Ou seja, o ano de 2009 - por ser mais difícil e complexo irá exigir de Belém, do Governo, dos partidos políticos não só maior sanidade e transparência como também mais e melhor auto-avaliação naquilo que se diz fazer para combater a incerteza que nos deprime e empobrece.
Eis o desafio para Portugal para 2009, descobrir esse fluxo de pensamento político e articulá-lo harmonisamente entre todos os grandes decisores em Portugal. Sendo certo que no passado recente os papéis de cada actor estavam pré-definidos, cada um tinha um guião que orientava a acção, não havia margens para dúvidas nem para falhar. Os custos eram certos, mas também se conheciam os prejuízos e os benefícios. Hoje, ao invés, andamos todos às aranhas: não há guião e o terreno é por natureza errático.
Então é aqui que temos de colocar-nos algumas questões neste teatro improvisado a que chamamos vida. Entre elas, identificar com mais rigor os objectivos para as pessoas, os objectivos para as empresas e os objectivos para o actual "pai" de todos nós: o Estado.

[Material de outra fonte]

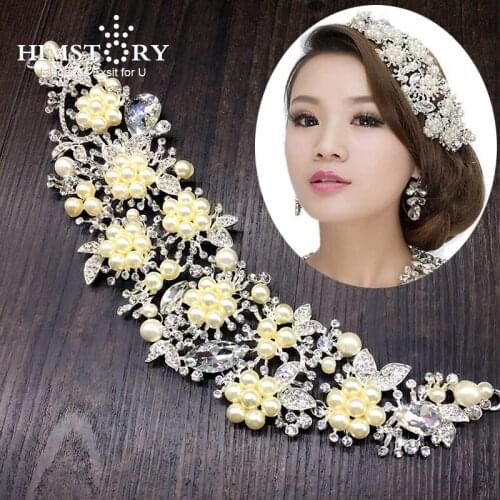 HIMSTORY Gorgeous Handmade Bride Wedding Pearl Crystal Hair Tiaras Queen Princess Crown Wedding Hair Accessories Hairwear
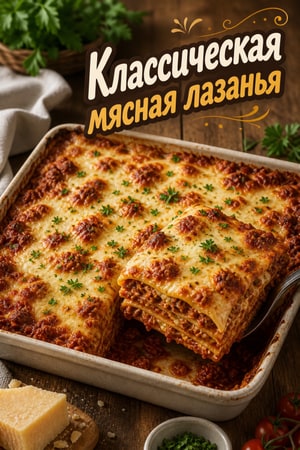 Классическая мясная лазанья с тремя видами сыра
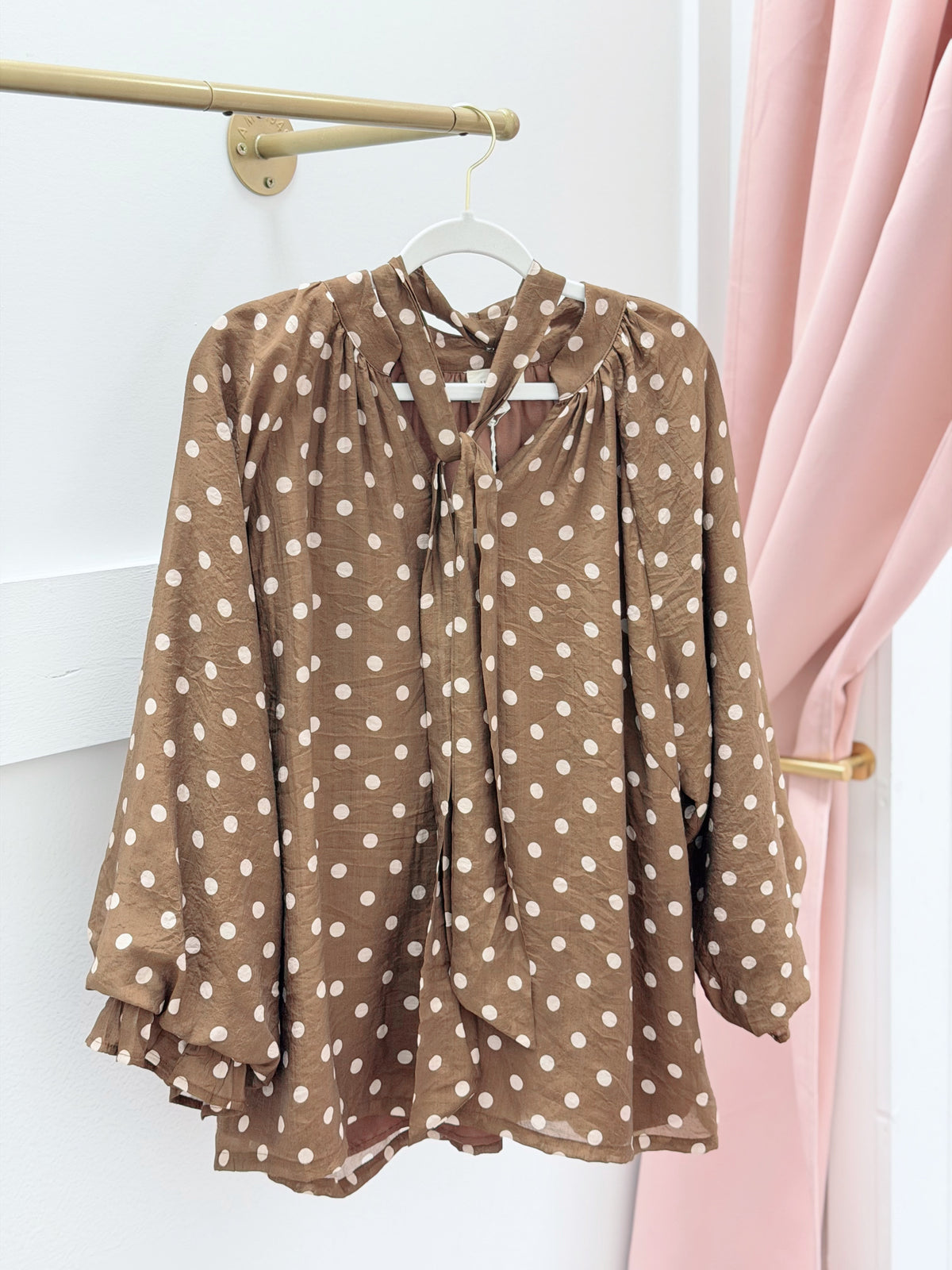 Brown Polka Dot Top, Plus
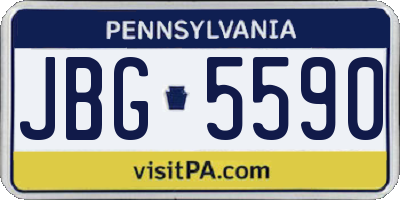 PA license plate JBG5590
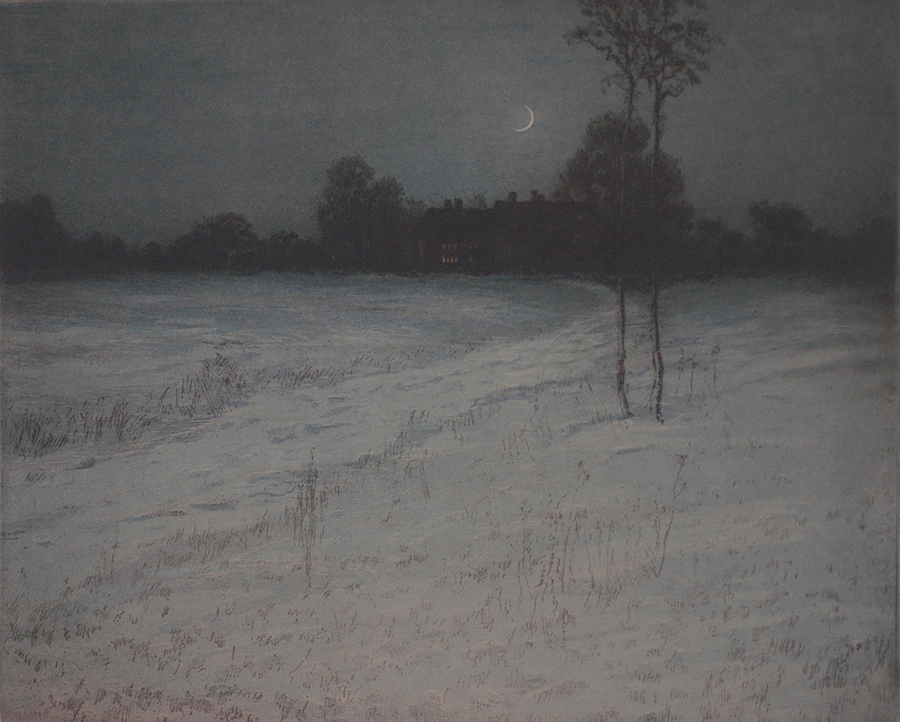 Winter Night - CHARLES F. W. MIELATZ - etching and aquatint printed in color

Se os líderes não conseguem pensar desta forma, que têm especiais responsabilidades perante as populações e a sociedade e os mercados, se não afinam a sua forma mentis com esta nova calibragem espistemológica - é muito previsível que se continue a fazer discursos e a debitar mensagens "anormalmente normais", tipificadas, estereotipadas sem injectar dispositivos inovatórios no discurso público - que acaba por não valorizar os seus destinatários (que são os portugueses), nem convida os demais agentes políticos a criticarem construtivamente tais discursos com o fito de desafiar as pessoas, as instituições a superarem-se nestes momentos de incerteza que não controlam.
Até porque os verdadeiros líderes desafiam e libertam as pessoas, não as secam nem as aprisionam...
Neste domínio, creio que Belém tem que se repensar muito mais do que S. Bento. Até porque o País é de todos.